=== Instructions to follow ===
The whole listing, except its pictures, is to be repeated exactly.
:: Input data ::
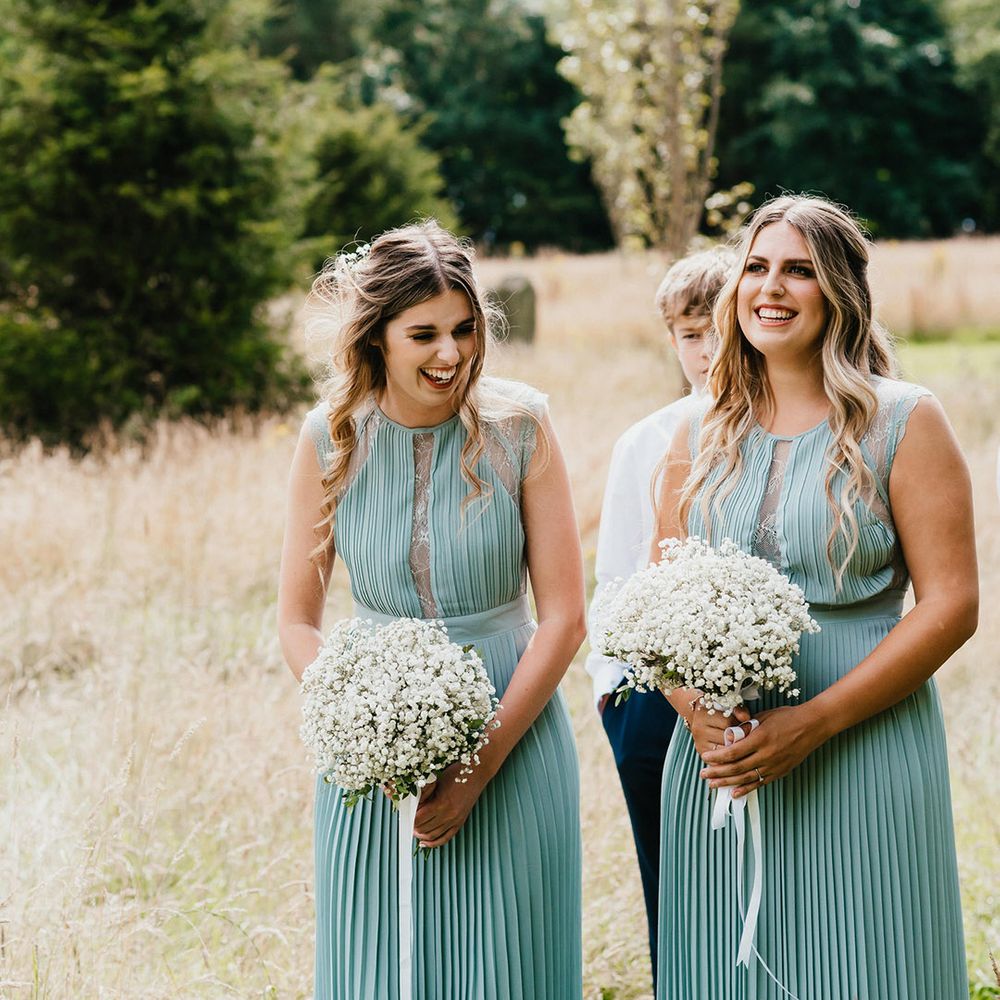 Bridesmaids in green pleated dresses with sheer lace panel inserts hold white gypsophila wedding bouquets with half up half down hair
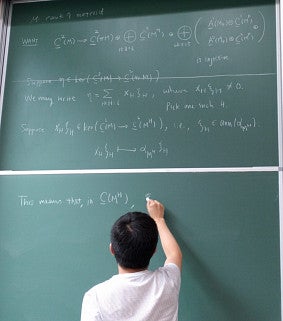 June Huh writes on a chalkboard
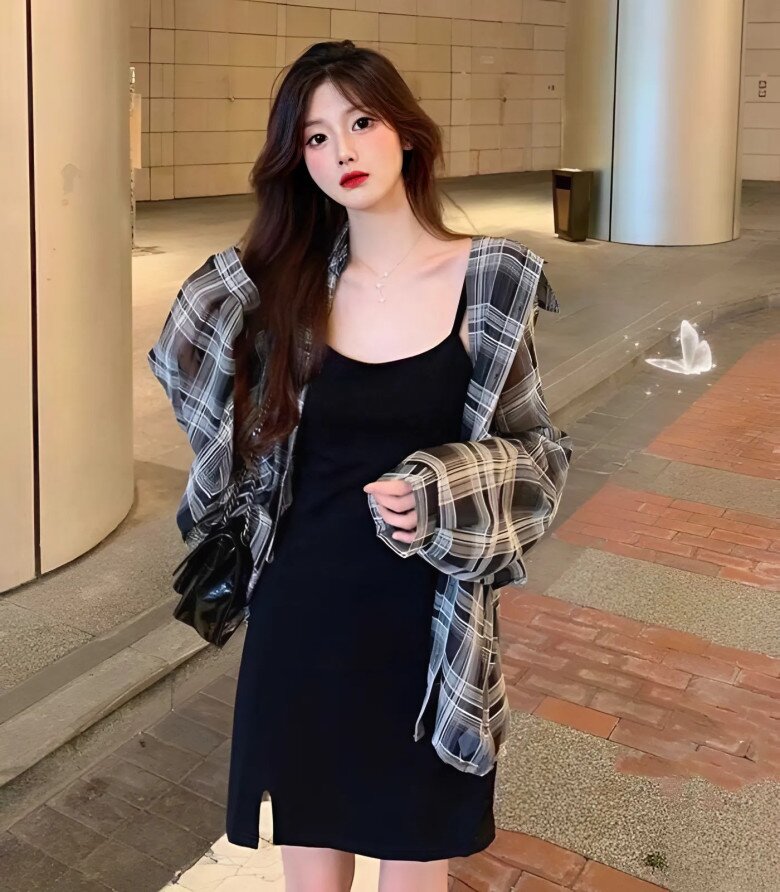 Đầm hai dây đen tối giản kết hợp sơ mi caro oversized mang đến vẻ phóng khoáng, năng động.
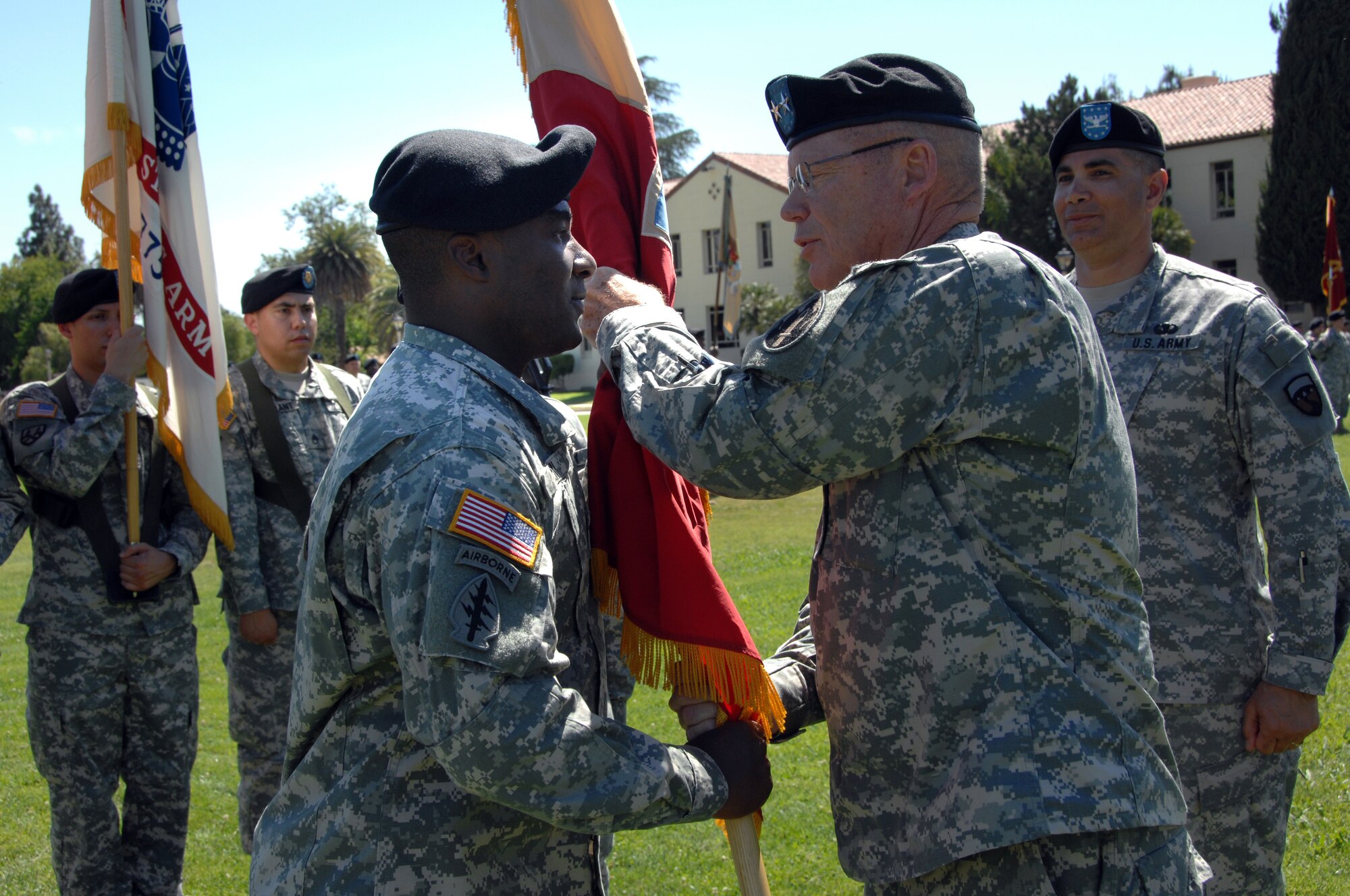 Major General Paul E. Mock, 63d Regional Readiness Command commander, hands the brigade flag to Lt. Col. Green at the base parade field. Brigade soldiers and community leaders attended the event. (U.S. Air Force photos by TSgt. Julie Avey, 163 RW)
:::
=== Your solution ===
 Bridesmaids in green pleated dresses with sheer lace panel inserts hold white gypsophila wedding bouquets with half up half down hair
 June Huh writes on a chalkboard
 Đầm hai dây đen tối giản kết hợp sơ mi caro oversized mang đến vẻ phóng khoáng, năng động.
 Major General Paul E. Mock, 63d Regional Readiness Command commander, hands the brigade flag to Lt. Col. Green at the base parade field. Brigade soldiers and community leaders attended the event. (U.S. Air Force photos by TSgt. Julie Avey, 163 RW)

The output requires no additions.